* _YOUR INSTRUCTIONS_
Transcribe word for word the section of the records below that opens with the line containing "Saltillo: Tienen mascotas nuevo hogar" and closes with the line containing "wockhardt bse sensex nse nifty wockhardt"; drop every picture.

* _DATASET_
== Segment start ==
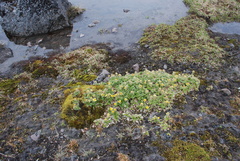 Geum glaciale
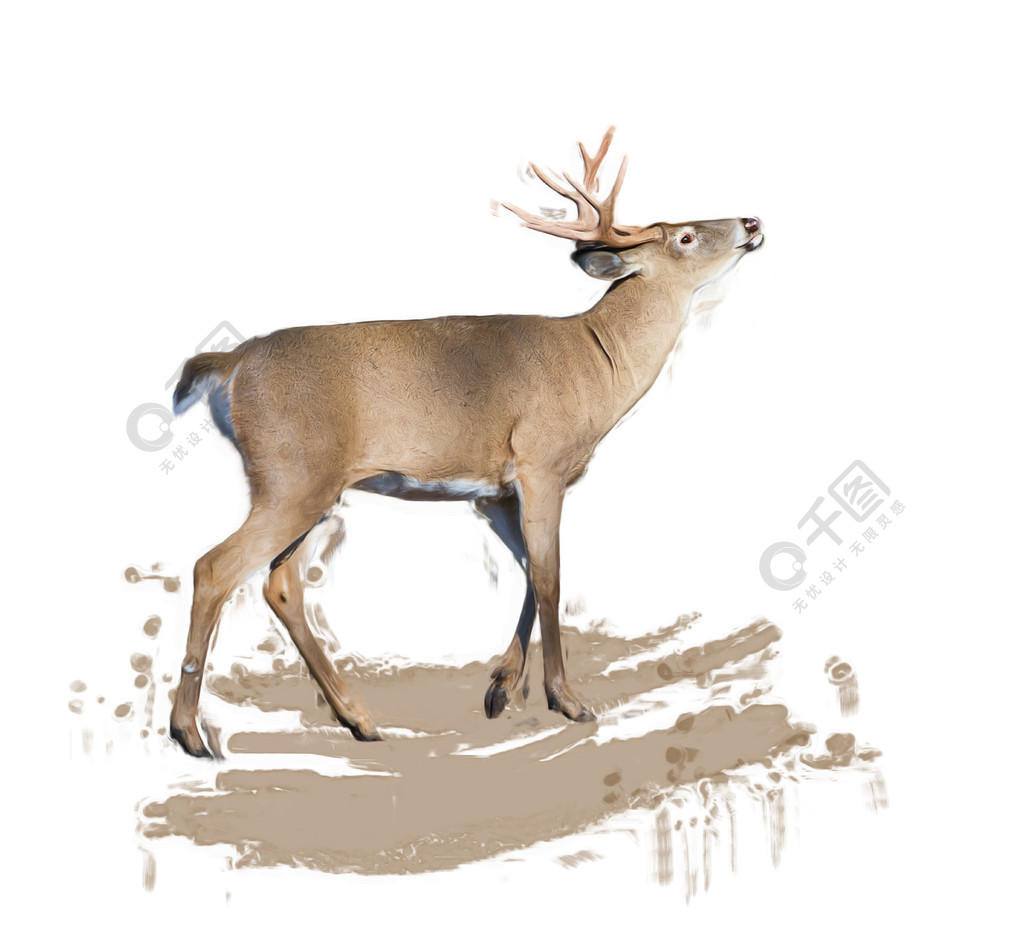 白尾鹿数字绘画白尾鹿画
== Segment end ==
== Segment start ==
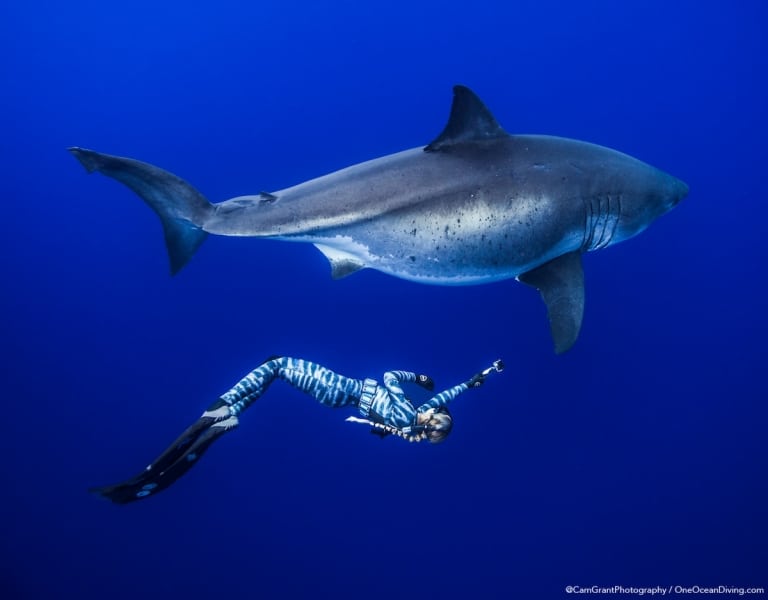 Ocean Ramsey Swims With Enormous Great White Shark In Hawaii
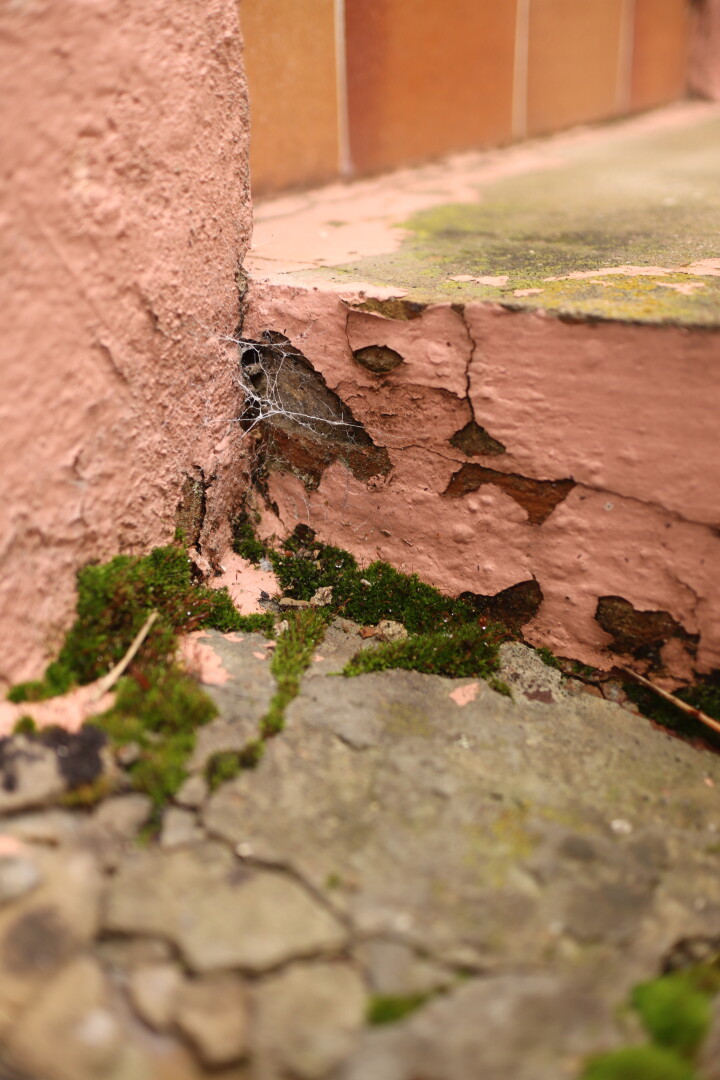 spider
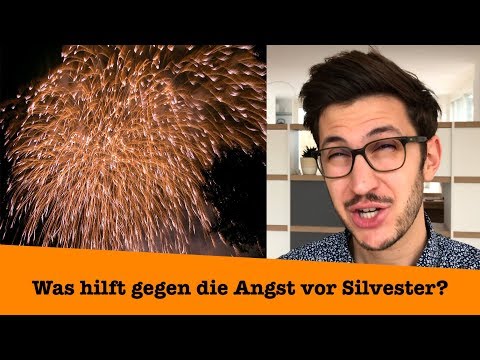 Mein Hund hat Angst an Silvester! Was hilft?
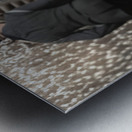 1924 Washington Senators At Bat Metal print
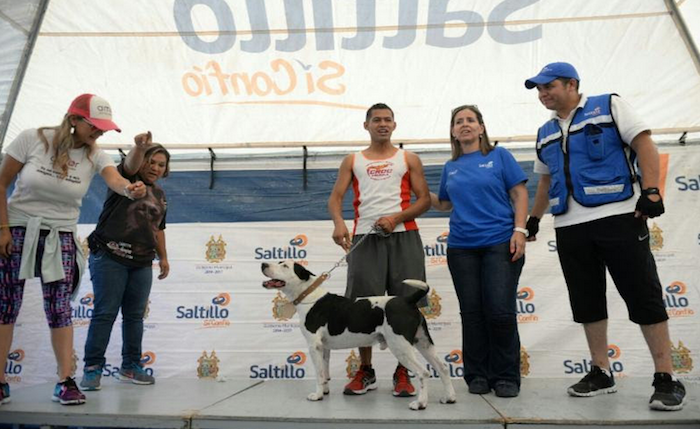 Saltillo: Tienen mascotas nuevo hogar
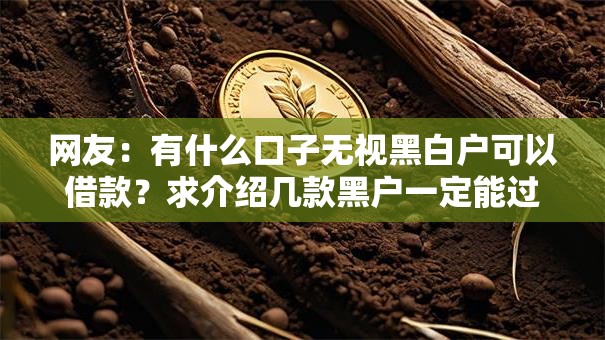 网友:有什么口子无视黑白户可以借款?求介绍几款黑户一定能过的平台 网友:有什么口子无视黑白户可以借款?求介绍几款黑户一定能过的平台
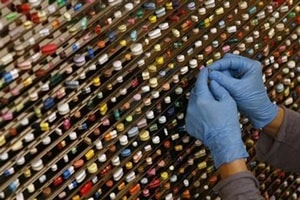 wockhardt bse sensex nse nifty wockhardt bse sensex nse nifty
== Segment end ==
== Segment start ==
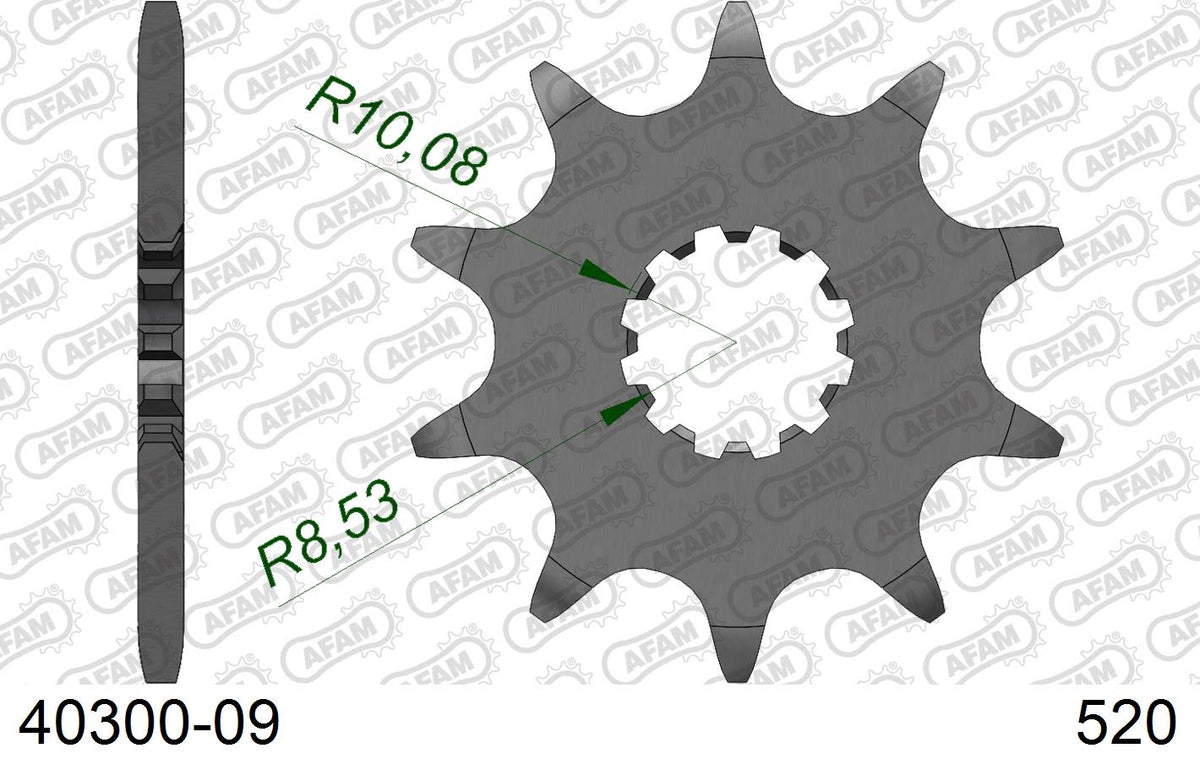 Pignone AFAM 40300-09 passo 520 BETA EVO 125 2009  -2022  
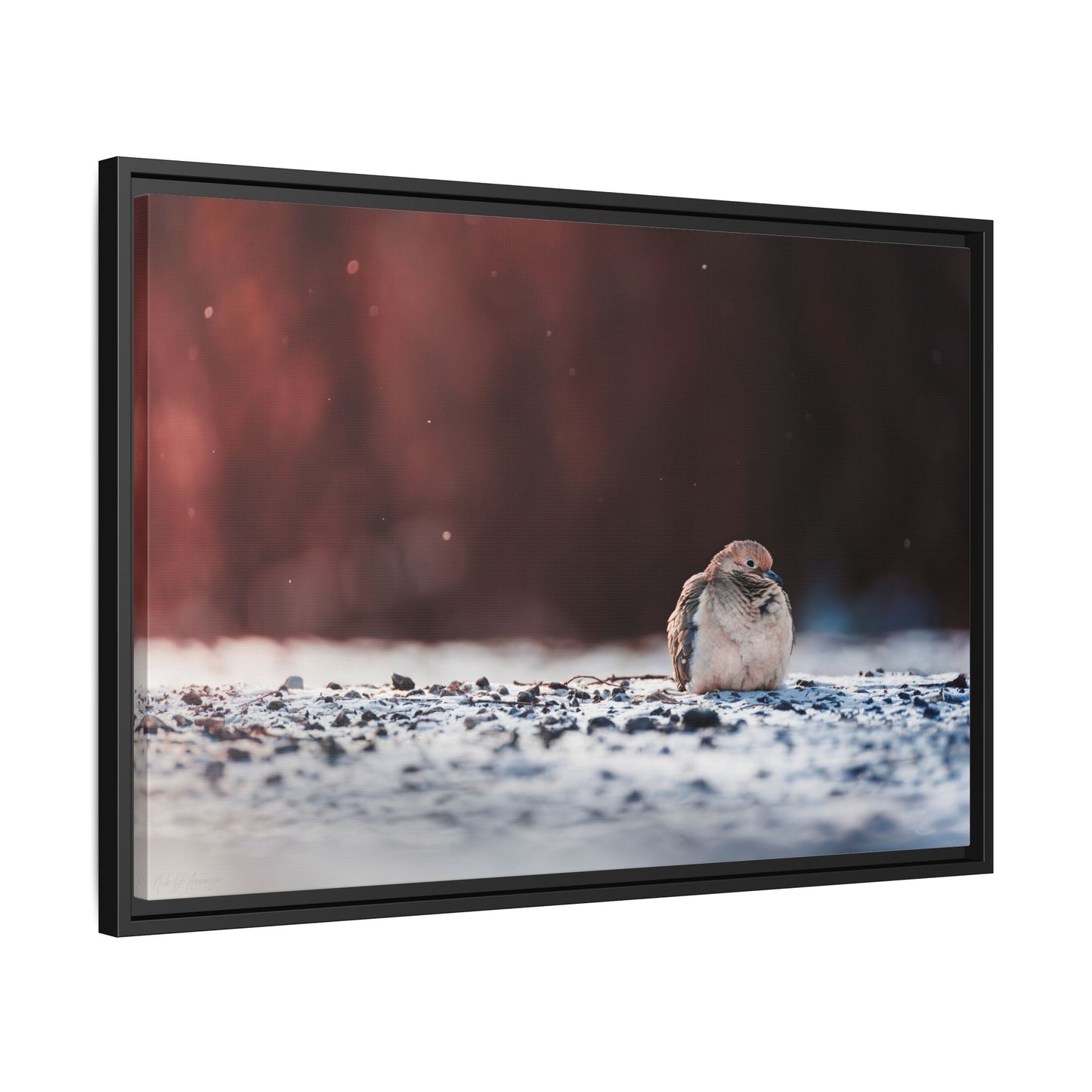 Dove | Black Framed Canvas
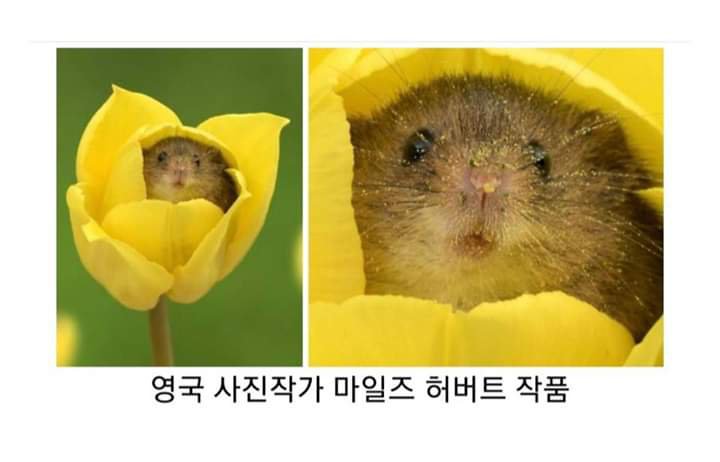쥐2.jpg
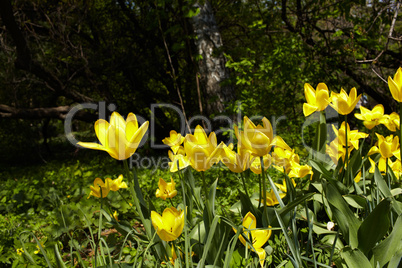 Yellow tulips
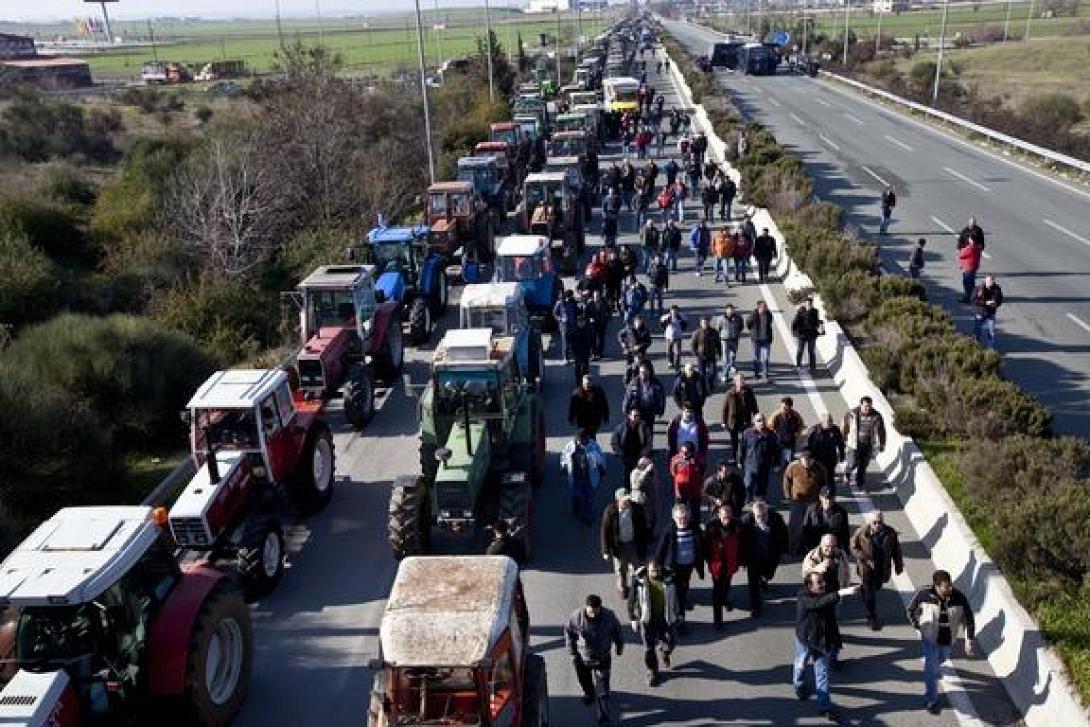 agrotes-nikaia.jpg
== Segment end ==
* _ANSWER_
 Saltillo: Tienen mascotas nuevo hogar
 网友:有什么口子无视黑白户可以借款?求介绍几款黑户一定能过的平台 网友:有什么口子无视黑白户可以借款?求介绍几款黑户一定能过的平台
 wockhardt bse sensex nse nifty wockhardt bse sensex nse nifty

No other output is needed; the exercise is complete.